The globally acclaimed artist Nairy Baghramian has been appointed as the new honorary doctor for 2024 at Lund University's Faculty of Fine and Performing Arts. The honorary title will be conferred upon her during the ceremony scheduled for Friday, May 31st, in Lund.

Baghramian is a world-renowned artist who has showcased her talent through sculpture, installation, photography, and more. Her extensive and diverse artistic journey promises to inspire many, making her an invaluable mentor to both students and faculty members. Nairy Baghramian will be an especially significant in her future collaboration with Malmö Art Academy.    

On Friday, the 31st, Nairy Baghramian will participate in the honorary ceremony in Lund to accept her honorary doctoral title from the University. The doctoral ceremony is the faculties' biggest academic event.

About Nairy Baghramian

Nairy Baghramian’s work traverses the realms of sculpture, installation, photography and drawing with fearless experimentation, historical acuity and conceptual rigor. Particularly in her prime medium of sculpture, the artist employs an extensive repertoire of techniques, materials and forms to address the spatial, architectural, social, political and contextual conditions of contemporary art. Using an abstract vocabulary that often combines geometric shapes and organic matter, industrial process and gestural procedure, Baghramian’s abstract yet eminently allusive works subtly explore the ligatures between art and other fields of object production (most notably interior, design, dance and theatre) in order to evoke and address bodies of all variants in both their vulnerability and obstinacy.
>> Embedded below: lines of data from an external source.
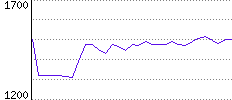 Rating History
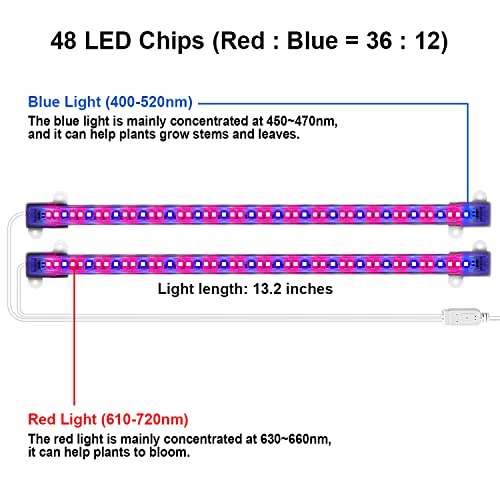 Mosthink Indoor Grow Light Strip with Timer Under Shelf Cabinet Plants - color: Purple, size: 13.75inch 2Pack-in-1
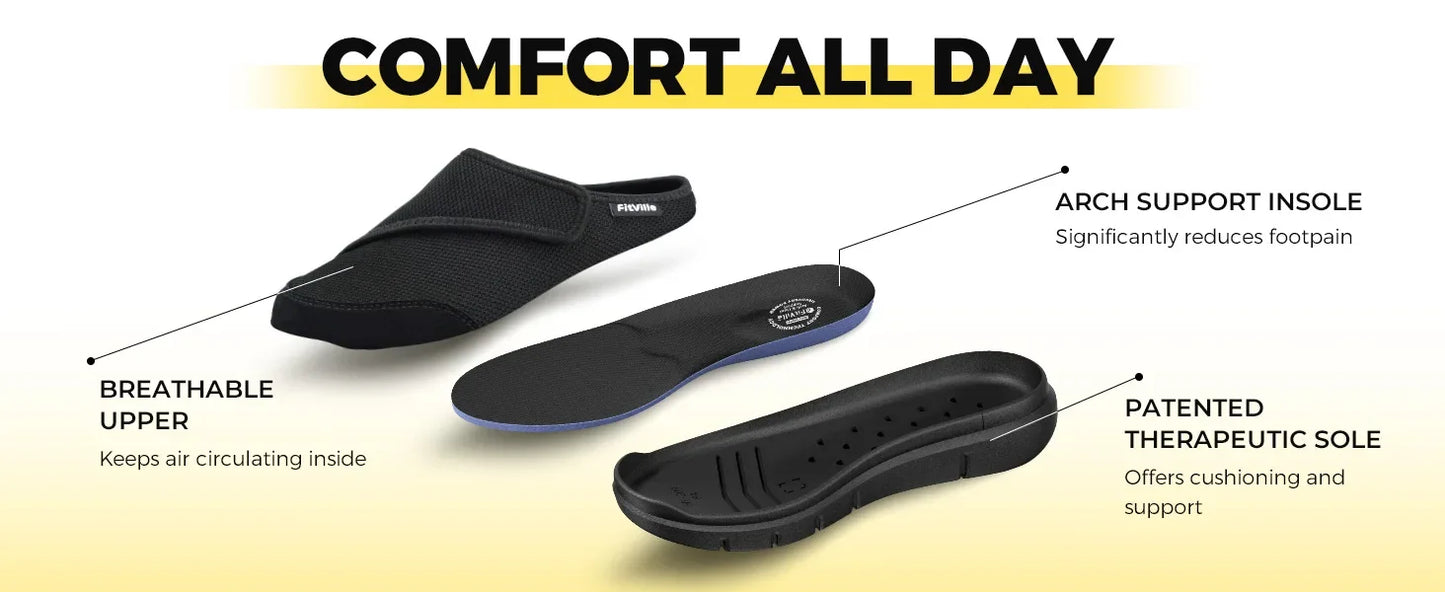 Orthopedic Slippers for Women Wide Fleece Lined Clogs with Arch Support Recovery Pedic Shoes Comfortable Slip-On Footwear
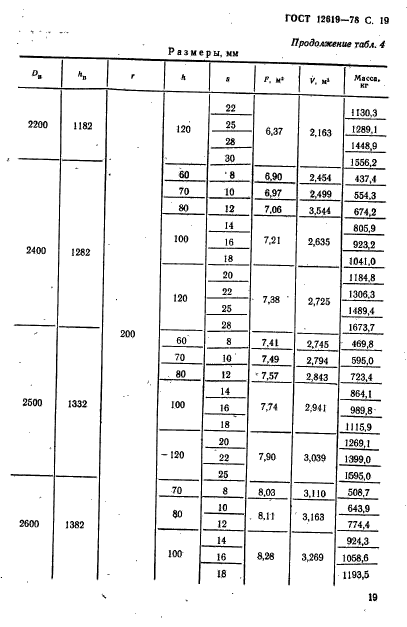 ГОСТ 12619-78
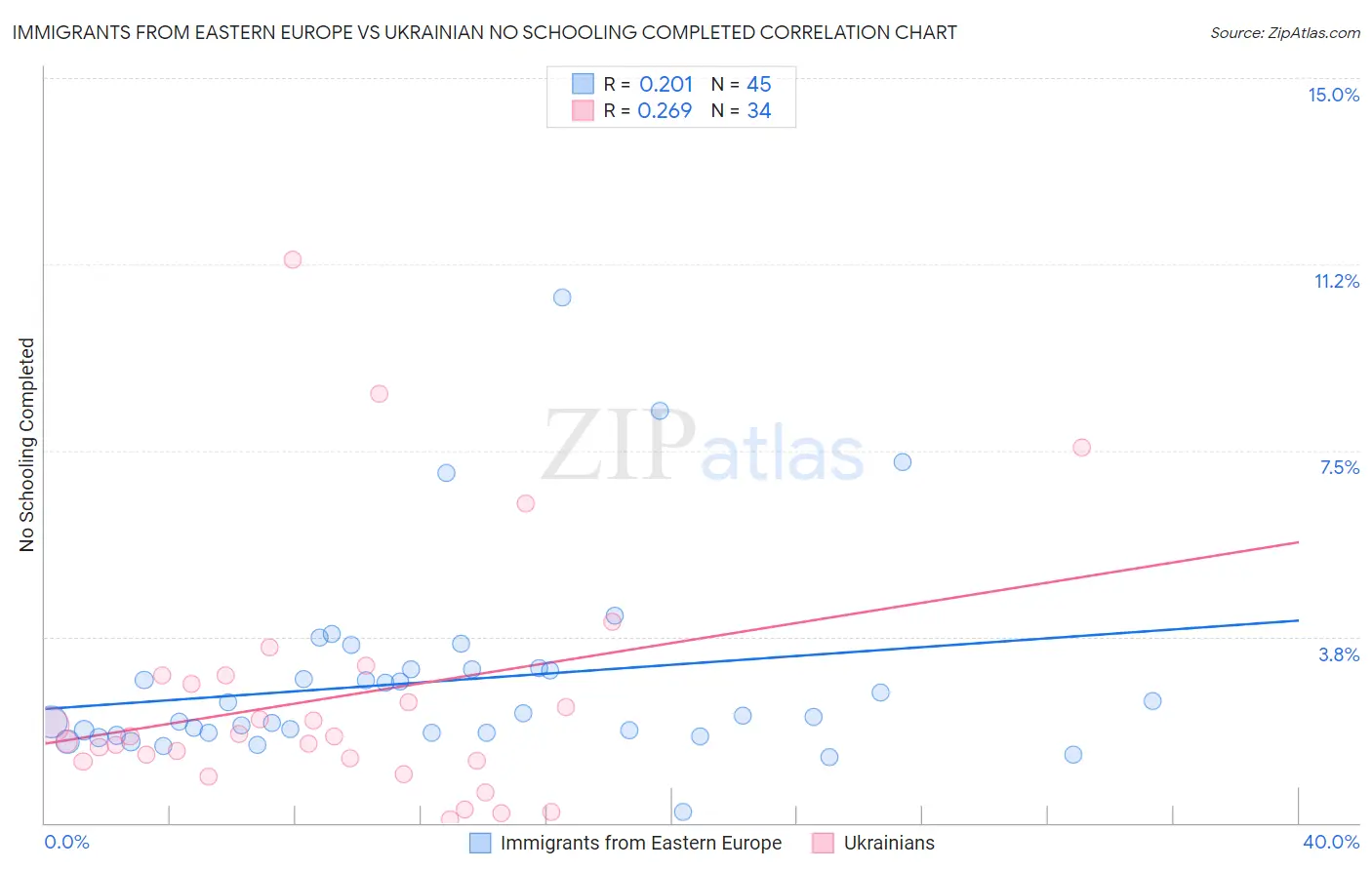 Immigrants from Eastern Europe vs Ukrainian No Schooling Completed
Through her innovative use of materials and manipulation of familiar forms, Baghramian’s work invites viewer to reconsider their sense of self, space, object, and site.   
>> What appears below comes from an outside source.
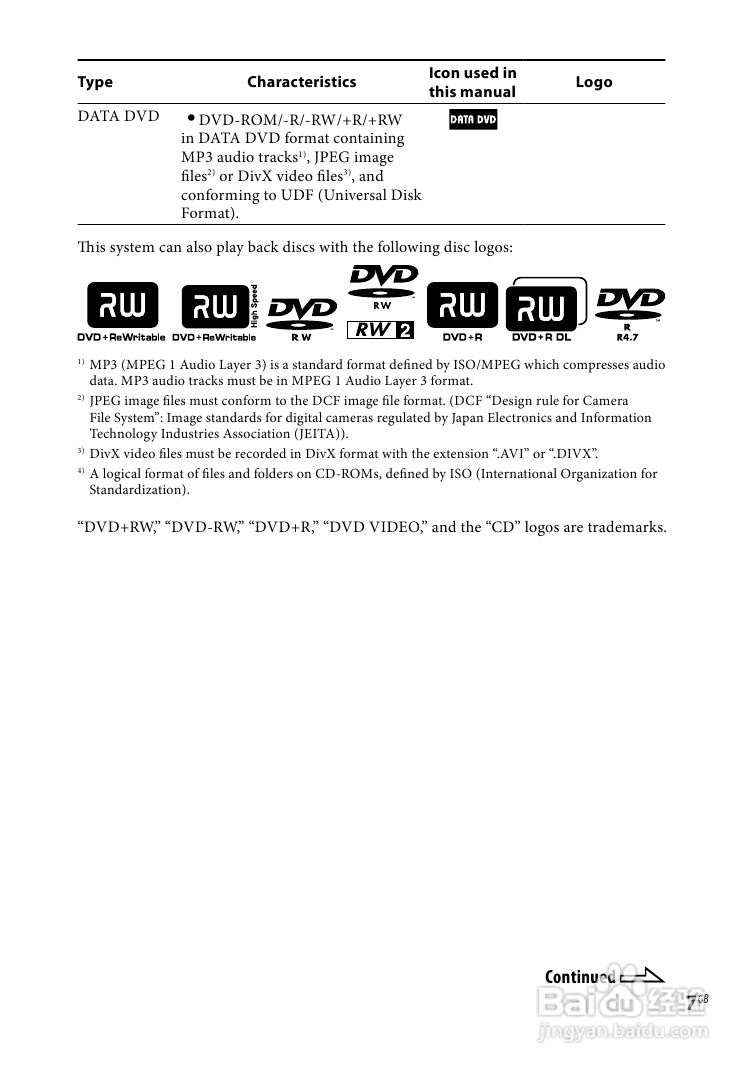 索尼CMT-DH30迷你组合音响使用说明书:[1]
Born in Isfahan, she had to flee post-revolutionary Iran as a teenager and has been living and working in Berlin since 1984.   

Baghramian has been the recipient of numerous awards including the Aspen Art Award (2023); the Nivola Award (2022); Nasher Prize Laureate (2022); the Malcolm-McLaren-Award with Maria Hassabi (2019); the Zürich Art Prize (2016); the Arnold-Bode Prize, Kassel (2014); the Hector Prize, Kunsthalle Mannheim (2012); and the Ernst Schering Foundation Award (2007). She has participated in the Yorkshire Sculpture International at The Hepworth Wakefield, UK (2019); Venice Biennale, IT (2019 and 2011); Skulptur Projekte Munster, DE (2017 and 2007); the 8th and 5th Berlin Biennale, DE (2014 and 2008); and Glasgow International Festival of Visual Art, Scotland, UK (2012).